18      After reviewing the sentencing transcript, the circuit court concluded that the sentencing court did not rely on the dismissed charges when sentencing Stokes.  The circuit court stated:

Although the [sentencing] court sentenced the defendant in these cases at the same time, they involved separate offenses.  Nothing in the sentencing record suggests that the court based its decision to impose a consecutive sentence in [the first case] on the defendant’s conduct [in the second case].  The court intended for the defendant to serve consecutive incarceration as punishment for his conduct in each of the criminal offenses, even though he was already serving a substantial prison term.  That is why the court ordered the sentence on each of the misdemeanor counts to run consecutive to any other sentence, albeit concurrent with each other.  The fact that the charges in [the second case] were subsequently dismissed is not relevant to the court’s intent to impose consecutive incarceration for the offense committed in [the first case].

(Footnote omitted; record cites omitted.)  The circuit court’s decision was not mere speculation; rather, its reasoning was based upon the law and the facts set forth in the sentencing transcript.  As such, we affirm the circuit court’s discretionary decision denying Stokes’s motion for resentencing.[6]  See id.

            By the Court.—Order affirmed.

            This opinion will not be published.  See Wis. Stat. Rule 809.23(1)(b).



[1]  This appeal is decided by one judge pursuant to Wis. Stat. § 752.31(2) (2009-10).  All references to the Wisconsin Statutes are to the 2009-10 version.

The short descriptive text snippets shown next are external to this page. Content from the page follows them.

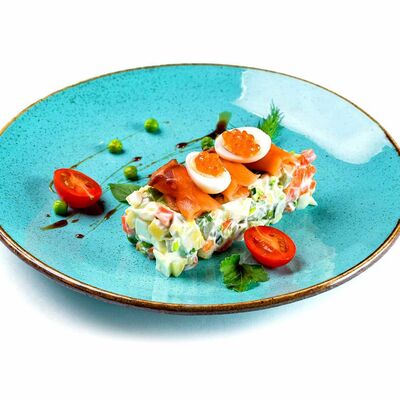 Оливье с лососем в Гранат по цене 420
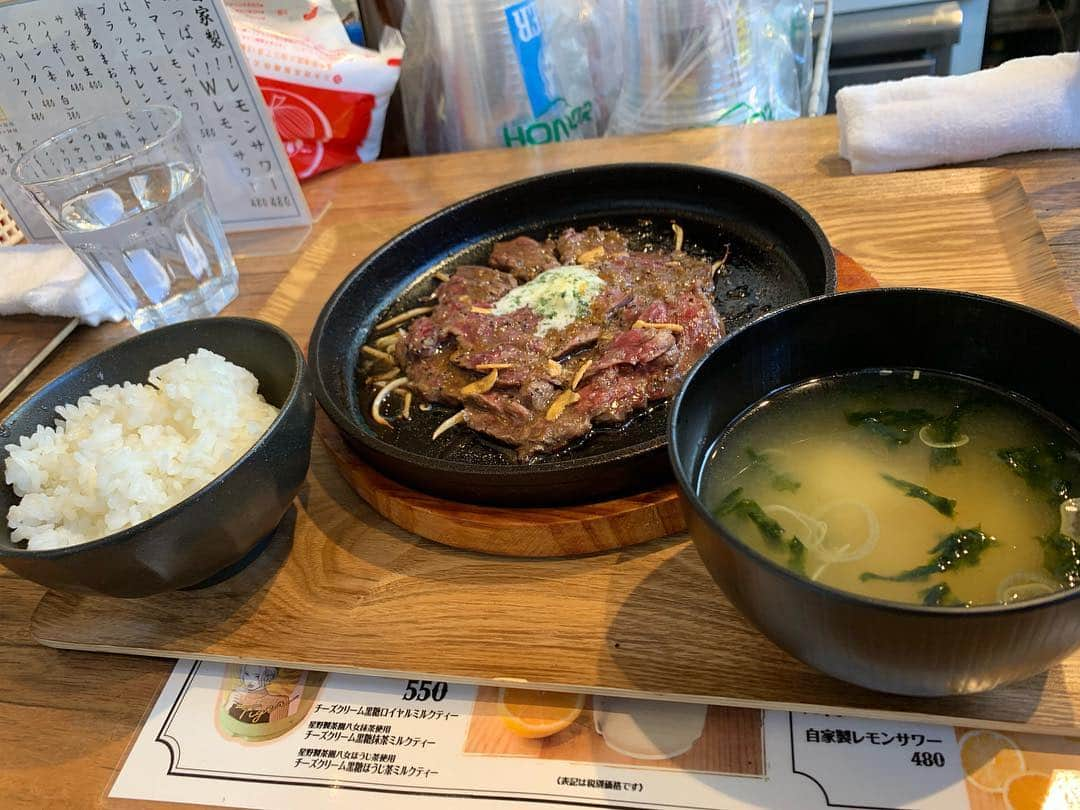 堤俊輔さんのインスタグラム写真 - (堤俊輔Instagram)「@tigershokudou  でランチ🍽  牛サガリステーキ🥩  メンチカツ🍚  美味❗️❗️❗️ 是非行ってみてね✨  今流行りのタピオカもあるよ🥤 そして @potasol  みほちゃんのスマイル付き😝✨ #サッカー  #Jリーグ  #鹿児島ユナイテッドFC #鹿児島 #soccer  #jleague  #kagoshimaunitedfc #kagoshima #堤俊輔  #ツツスタグラム  #チェストー！ #勝手に鹿児島大使 #ttmproject  #共につなぐ未来  #チャリティtシャツ #紺屋町タイガー食堂 #牛サガリステーキ #メンチカツ #大名タピオカ  #タピ活 #大名ランチ」4月16日 11時59分 - shunsuketsutsumi.19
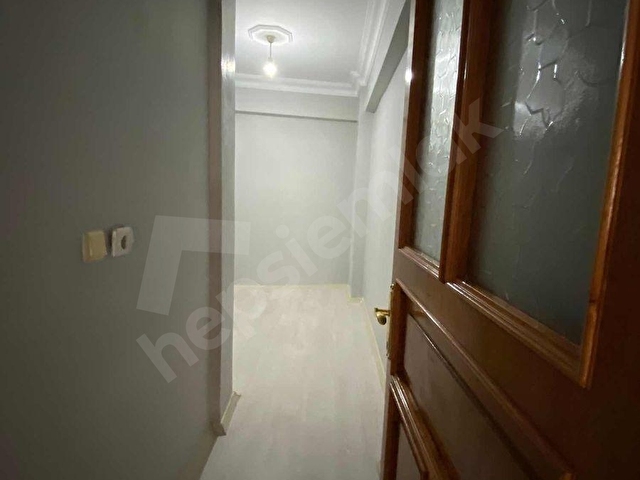 BAYRAMPAŞA HÜRRİYET SOKAKTA 3+1 KİRALIK DAİRE ! - Görsel 14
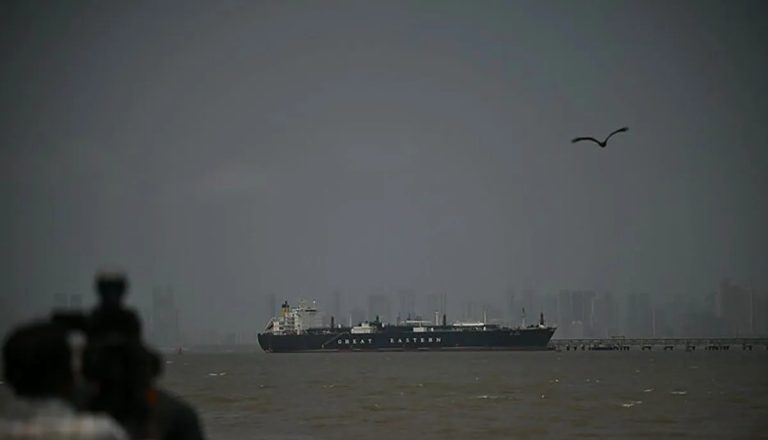 Dua Kapal Sipil yang Coba Masuk ke Iran Ditembaki Pasukan Amerika Serikat, 5 Orang Tewas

[2]  At the time of sentencing, Stokes was incarcerated and serving a significant sentence following revocation in an unrelated felony case.

[3]  To the extent that Stokes may raise other issues on appeal, we conclude that those issues lack discernible merit and need not be addressed.

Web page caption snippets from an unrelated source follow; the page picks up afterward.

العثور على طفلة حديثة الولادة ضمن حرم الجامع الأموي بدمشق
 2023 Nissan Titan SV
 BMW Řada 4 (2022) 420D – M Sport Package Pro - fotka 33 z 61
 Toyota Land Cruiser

[4]  Stokes argues that his Wis. Stat. § 974.06 motion was “not the full development of his position” and that the circuit court should have provided him a hearing to set forth his “sufficient reason” because as a pro se litigant he was unaware of the need to address the issue in his initial motion.  However, while we recognize the court’s obligation to liberally construe a pro se litigant’s motions, see bin-Rilla v. Israel, 113 Wis. 2d 514, 521-22, 335 N.W.2d 384 (1983), that obligation does not extend to creating an issue or making an argument for a litigant.  “We cannot serve as both advocate and judge.”  State v. Pettit, 171 Wis. 2d 627, 647, 492 N.W.2d 633 (Ct. App. 1992).  Pro se litigants are generally held to the same rules that apply to lawyers on appeal, and “must satisfy all procedural requirements.”  Waushara Cnty. v. Graf, 166 Wis. 2d 442, 452, 480 N.W.2d 16 (1992).  Allowing Stokes to circumvent those rules would be contrary to Escalona-Naranjo’s policy of “finality in … litigation.”  See State v. Escalona-Naranjo, 185 Wis. 2d 168, 185, 517 N.W.2d 157 (1994).

[5]  Stokes’s assertion that his postconviction counsel was ineffective appears somewhat disingenuous considering Stokes admits in his appellant’s brief that postconviction counsel raised one of Stokes’s current claims for plea withdrawal in Stokes’s initial postconviction motion but withdrew it at Stokes’s request.

[6]  The circuit court also correctly noted that even if the charges in the second case had been dismissed prior to sentencing in the first case, the circuit court would have been permitted to consider the dismissed charges for sentencing purposes.  See State v. Leitner, 2002 WI 77, ¶45, 253 Wis. 2d 449, 646 N.W.2d 341 (“A sentencing court may consider uncharged and unproven offenses and facts related to offenses for which the defendant has been acquitted.”) (footnotes omitted).